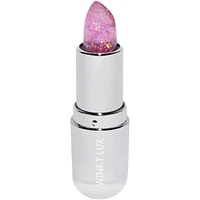 CONFETTI Balm ph Lip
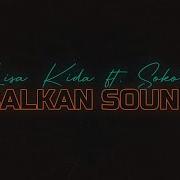 Balkan Sound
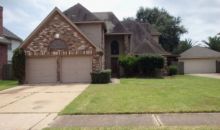 5607 S Magazine Cir Houston, TX 77084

______

▸ WHAT NEEDS TO BE DONE:
Every line from the line containing "Balkan Sound" through the last line above is to be printed exactly. Pictures are not copied.

▸ ANSWER TO THIS PROBLEM:
 Balkan Sound
 5607 S Magazine Cir Houston, TX 77084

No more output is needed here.